When is the image of $\mathbb{R}^n$ a smooth submanifold?

Question

Let $f:\mathbb{R}^n\rightarrow \mathbb{R}^n$ be an injective $C^{k}$-function, for some positive integer $k$. Under what conditions is the complement of the open set (I know its open by Brower's domain invariance theorem) a finite union of smooth submanifold of $\mathbb{R}^n$?

Answer 1

Here is a partial answer. Recall that every simply connected open subset of $\mathbb{C}$ is biholomorphically equivalent to the unit disk $\Delta = \{z\in \mathbb{C}~|~ |z| <1\}$.
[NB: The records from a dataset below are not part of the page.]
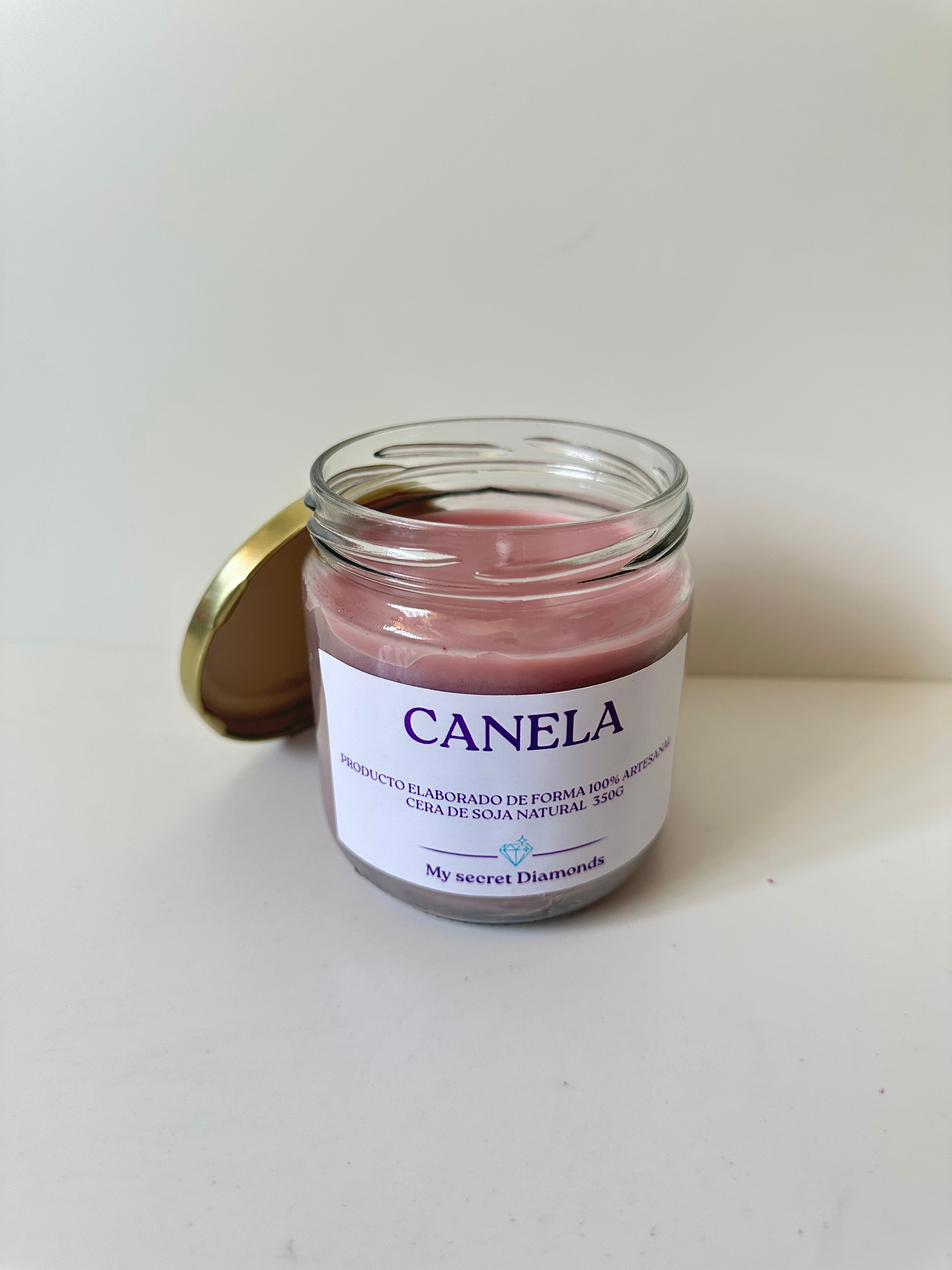 Vela básica “Canela"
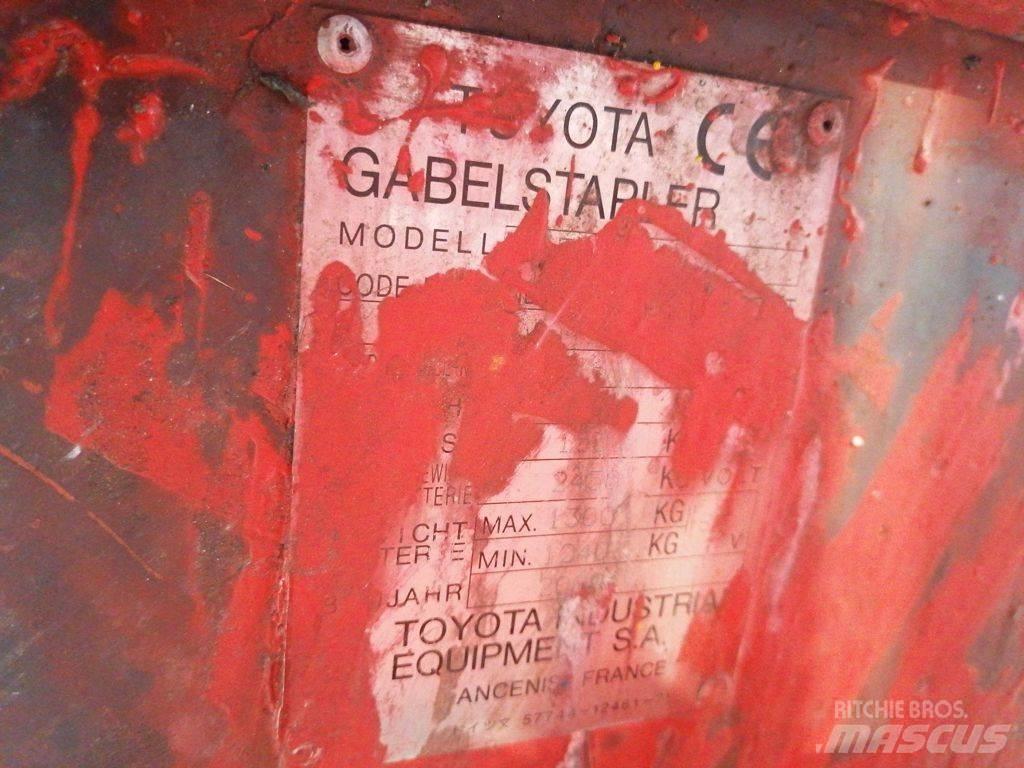 Toyota FBMF16 El gaffeltrucks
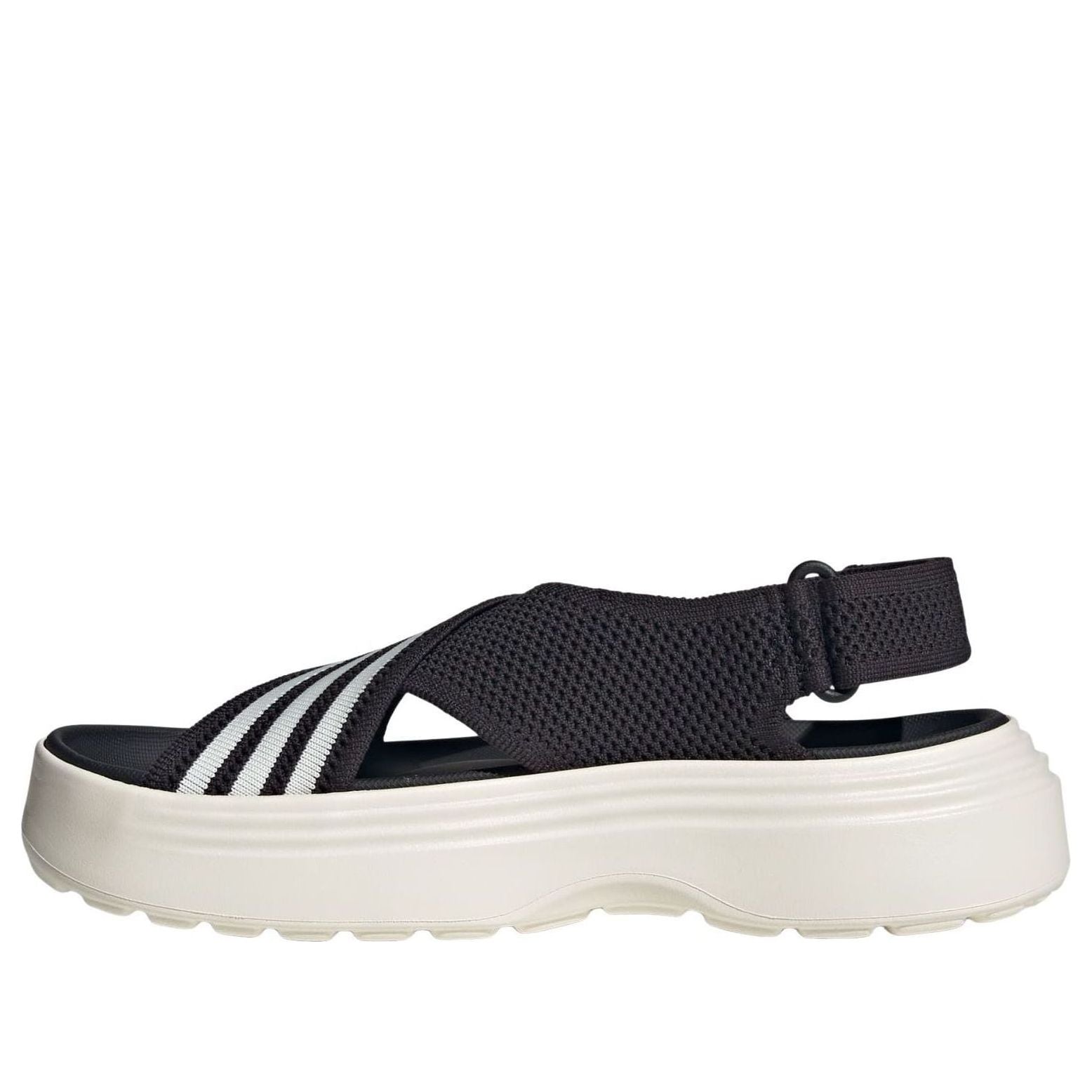 (WMNS) adidas Lifestyle Sandal 'Core Black' KK0394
Let $\gamma : \mathbb{S}^1 \to \mathbb{C}$ be a continuous simple curve that is nowhere differentiable (for example, the Von Koch curve), and let $\Omega$ be its interior (by Jordan's theorem). Then $\Omega$ is a simply connected open subset of $\mathbb{C}$ different from $\mathbb{C}$ : there exists a biholomorphism $g : \Delta \to \Omega$. Moreover, $\Delta$ is diffeomorphic to $\mathbb{R}^2$, say $h : \mathbb{R}^2 \to \Delta$ is such a diffeomorphism. Then \begin{align} f = g\circ h : \mathbb{R}^2 \to \mathbb{R}^2 \end{align} is an injective smooth function with image $\Omega$. But $\mathbb{R^2}\setminus \Omega$ is not a smooth manifold as otherwise, its boundary would be smooth, that is not the case.

Here has been shown that even if $f$ is $\mathcal{C}^{\infty}$, there is no reason for smoothness to extend to the boundary.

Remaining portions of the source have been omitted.